戦績だけ見ると、左回りの方が良さそうな印象を受けるが、門別で普通に走っており、南関東への転入初戦だった雲取賞でも内の狭いところからしぶとく伸びて4着に入っており、右回りが苦手というわけではないだろう。

血統を改めて眺めてみると、実は大井2000mの鬼として知られているオメガパフュームの近親。本馬もオメガパフューム同様に追えば追うだけ伸びるイメージで、大井2000mはむしろベスト舞台と言っていいのではないか。鞍上・和田譲治騎手は昨年まで重賞1勝しか挙げていなかったが、今年に入って重賞3勝を挙げてブレイク中。昨年の山口騎手ではないが、今年も苦労人がダービージョッキーの称号を掴むと見た。

相手は羽田盃勝ち馬のトランセンデンス

前走羽田盃はハイペースで飛ばしたアランバローズを自ら動いて差し切ったのだから、何も文句がつけられない勝ちっぷり。かつて大穴だったJBC2歳優駿で本命に推した時から馬が成長し、また南関東でトップジョッキーの森騎手が騎乗しているのもあり、以前のムラさが解消されつつある。さらなる距離延長を考えても、トランセンデンス>アランバローズは間違いなく、後続の目標になるとは言え、こちらも前に目標を置ける分、大崩れする可能性は低いのではないか。

それでも羽田盃→東京ダービーの二冠は、ヴィクトリアマイル→安田記念のG1連勝並みに難しく、過去10年で達成したのは明らかに力が抜けていた14年ハッピースプリントのみ(羽田盃、東京ダービーともに単勝1.1倍で、当時事故さえなければ、勝てるという状況だった)。一見簡単そうに見えて、実は非常に難しい。なんだかんだ父同様に癖の強いトランセンド産駒であり、「まともに走れば、馬券圏内は…」と思うが、全幅の信頼を置くのは少し危険かもしれない。

3番手は羽田盃で本命に推したブライトフラッグ

その前走羽田盃は先行策から一転して後方待機策を取ったが、直線で外に持ち出されてからグイグイと伸びてきており、上り最速をマークして4着馬から0.2秒差。ペースは速くても外が伸びる馬場ではなかったので、人気以上には走ったが、末脚勝負に徹したのはむしろ裏目に出たと解釈していいだろう。予想的にはハズレだったが、馬の能力はやはり高かったと再確認させられたレースだった。今回は差し脚が生きやすい東京ダービーで、スムーズに立ち回れそうな外枠をゲット。条件は良くなるので、前走で狙った以上、ここで買わない理由はない。紙面を見る限り、再び過小評価されそうだ。

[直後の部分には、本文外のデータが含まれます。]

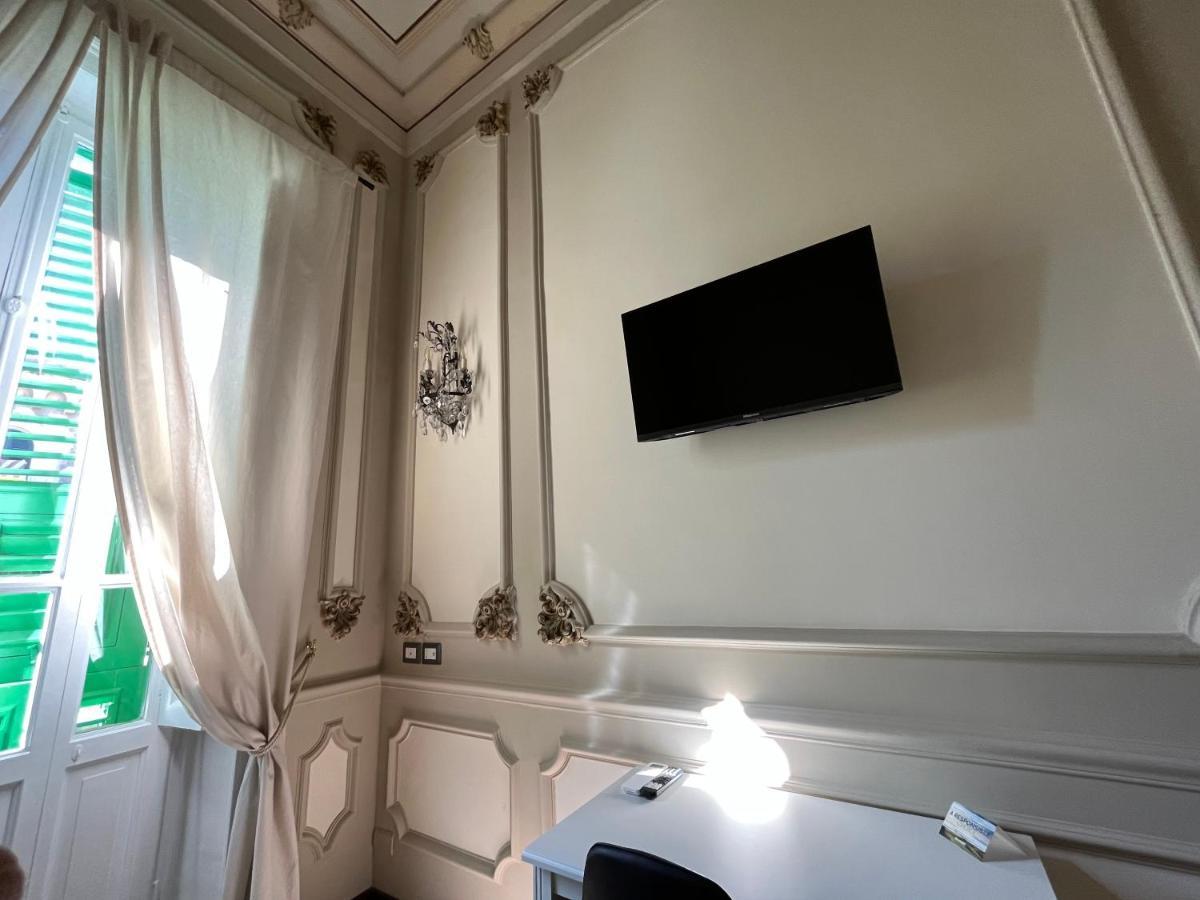 Epoque Bed And Breakfast Mesyna Zewnętrze zdjęcie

チサットは京浜盃で本命に推し、そこで勝利して一躍クラシック候補になった馬。前走羽田盃はやや案外な結果だったが、直前での乗り替わりがあり、不運だったとも言えるか。今回は本馬で3戦3勝の笹川騎手に乗り替わり。スマートファルコン×ネフェルメモリーの良血馬でもあり、大一番でこそ怖さがある。

セイカメテオポリスは大型馬で乗り難しさがあるものの、前走京浜盃ではブライトフラッグに次ぐ上り2位をマーク。末脚を生かす競馬が徐々に板についてきたので、勝ち切るイメージはさすがに沸かないが、2、3着ならチャンスはあるだろう。 御神訓騎手が継続して乗ってくるのも怖い。

マカベウスは追っての良さがウリ。前走羽田盃では4着チサットから0.2秒差の6着。距離が伸びて差しが届く展開になれば、馬券圏内に届いてもいい。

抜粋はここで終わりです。